--- RECORDS PROVIDED Enclosed Below ---

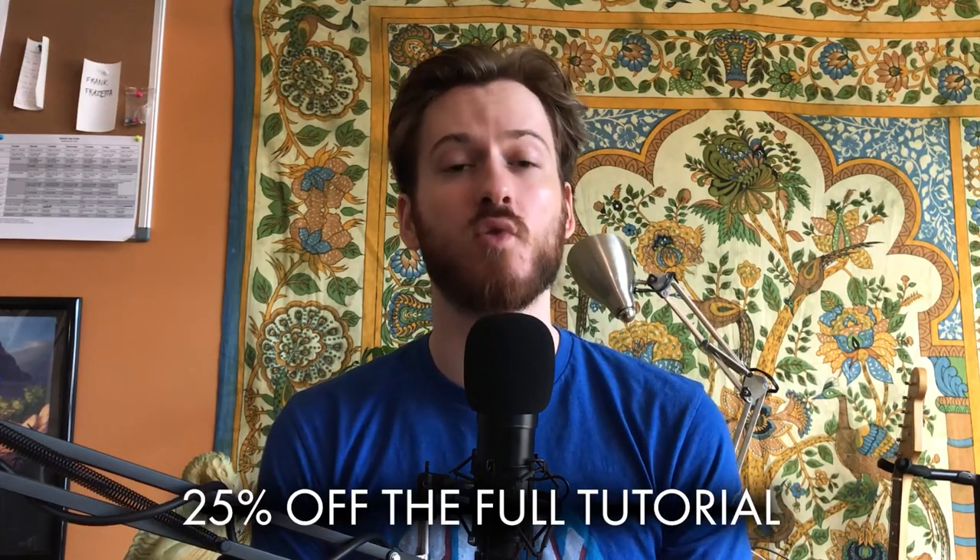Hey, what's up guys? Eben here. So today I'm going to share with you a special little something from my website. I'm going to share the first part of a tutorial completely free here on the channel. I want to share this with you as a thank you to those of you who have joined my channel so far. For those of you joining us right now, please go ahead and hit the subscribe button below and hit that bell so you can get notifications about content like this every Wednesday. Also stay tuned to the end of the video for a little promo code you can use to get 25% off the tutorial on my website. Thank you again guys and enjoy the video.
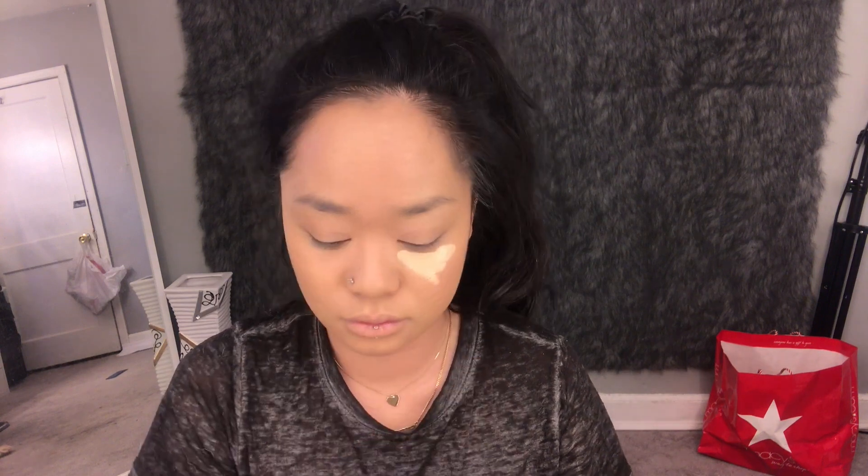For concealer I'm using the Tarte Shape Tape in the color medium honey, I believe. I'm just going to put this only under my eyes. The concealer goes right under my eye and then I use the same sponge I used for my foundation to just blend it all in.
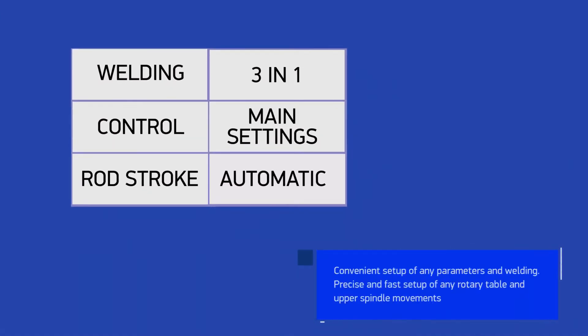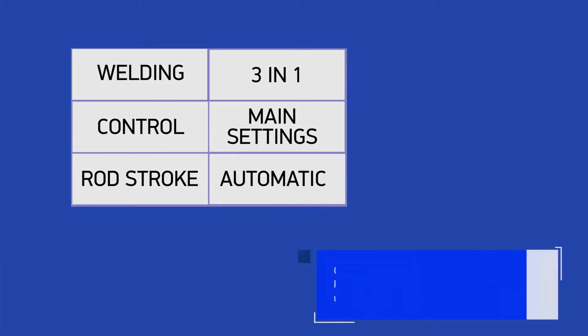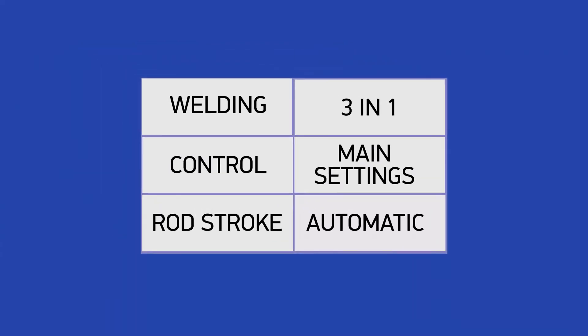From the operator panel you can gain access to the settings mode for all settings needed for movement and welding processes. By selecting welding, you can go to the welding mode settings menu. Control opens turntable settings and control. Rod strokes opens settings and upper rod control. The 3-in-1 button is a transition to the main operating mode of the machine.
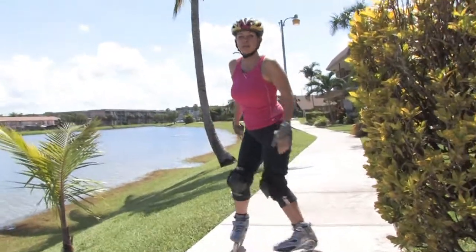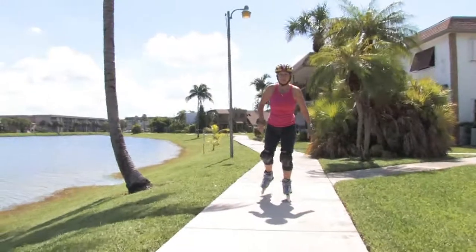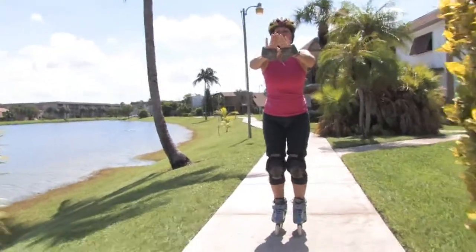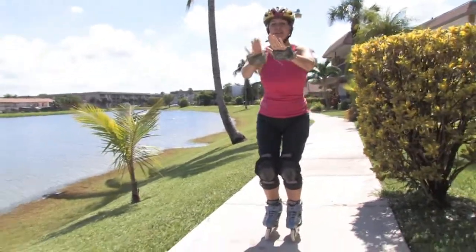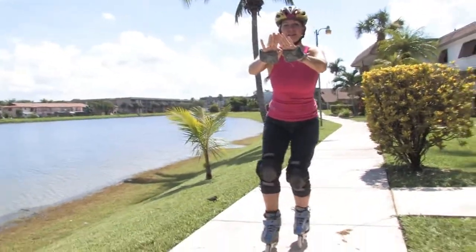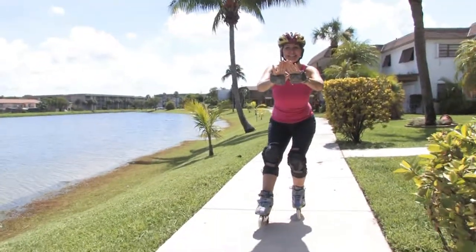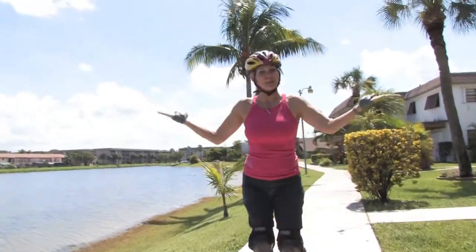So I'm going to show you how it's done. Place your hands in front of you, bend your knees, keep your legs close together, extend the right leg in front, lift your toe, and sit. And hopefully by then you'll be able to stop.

--- End of Enclosed RECORDS PROVIDED ---
--- RECORDS PROVIDED Enclosed Below ---

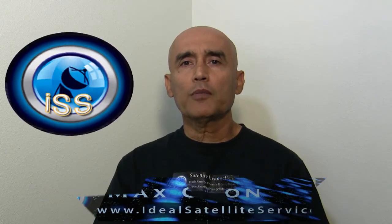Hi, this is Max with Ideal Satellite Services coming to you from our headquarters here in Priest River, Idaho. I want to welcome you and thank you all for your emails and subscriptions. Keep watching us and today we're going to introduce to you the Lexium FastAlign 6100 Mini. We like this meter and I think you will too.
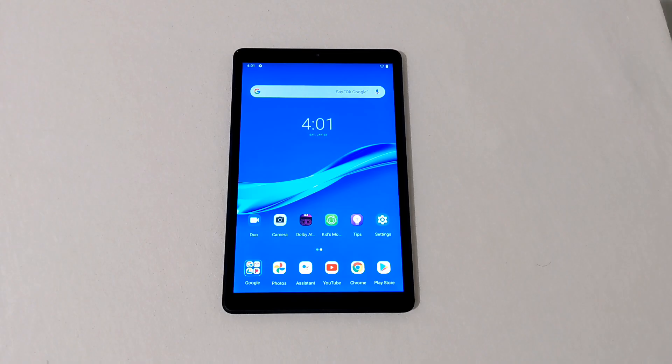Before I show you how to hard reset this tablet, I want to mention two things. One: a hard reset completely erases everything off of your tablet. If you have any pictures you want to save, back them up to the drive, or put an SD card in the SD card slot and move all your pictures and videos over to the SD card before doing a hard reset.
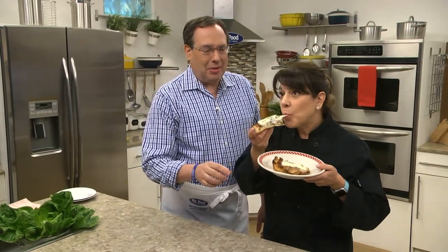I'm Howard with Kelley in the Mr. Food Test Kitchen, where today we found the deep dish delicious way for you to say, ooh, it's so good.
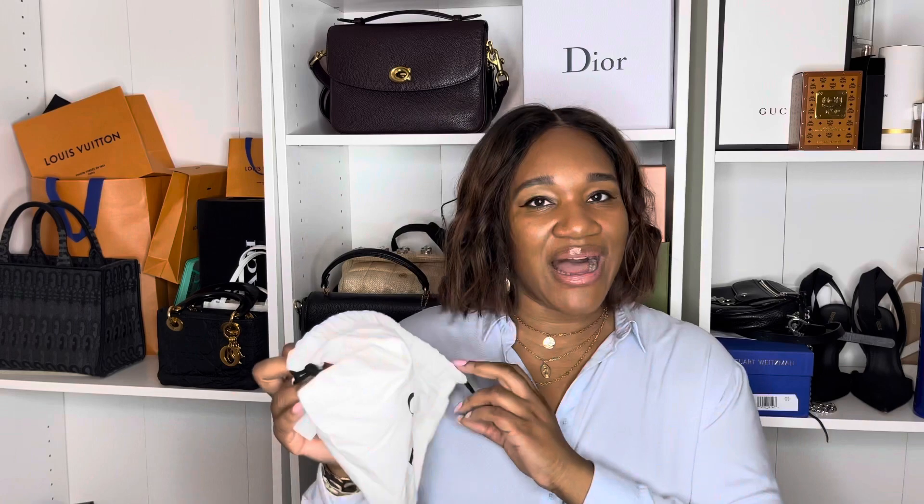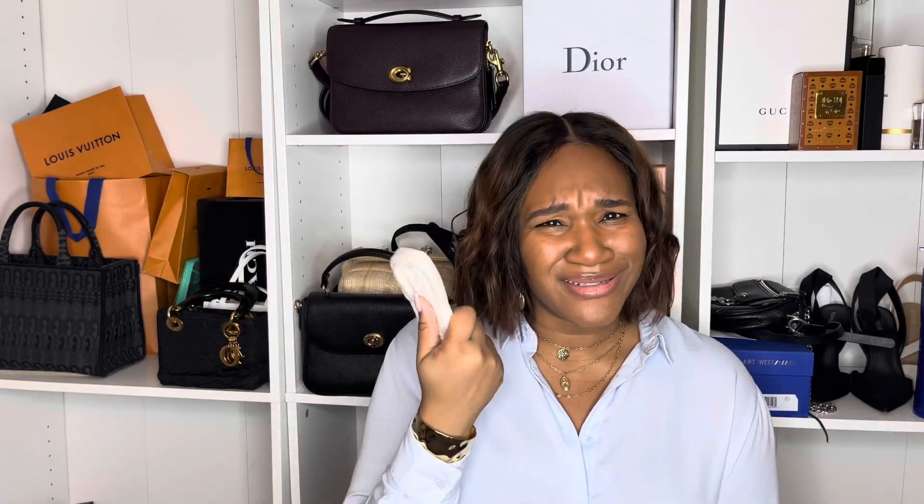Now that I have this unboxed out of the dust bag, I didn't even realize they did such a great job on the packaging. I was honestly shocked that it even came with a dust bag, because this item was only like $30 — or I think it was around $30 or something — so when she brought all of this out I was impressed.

--- End of Enclosed RECORDS PROVIDED ---

*TASK ITEM*
In the entries above, find the line with "I'm Howard with" and the line with "Now that I have". Write out exactly those two lines and every line between them, pictures excluded.

*EXERCISE RESPONSE*
I'm Howard with Kelley in the Mr. Food Test Kitchen, where today we found the deep dish delicious way for you to say, ooh, it's so good.
Now that I have this unboxed out of the dust bag, I didn't even realize they did such a great job on the packaging. I was honestly shocked that it even came with a dust bag, because this item was only like $30 — or I think it was around $30 or something — so when she brought all of this out I was impressed.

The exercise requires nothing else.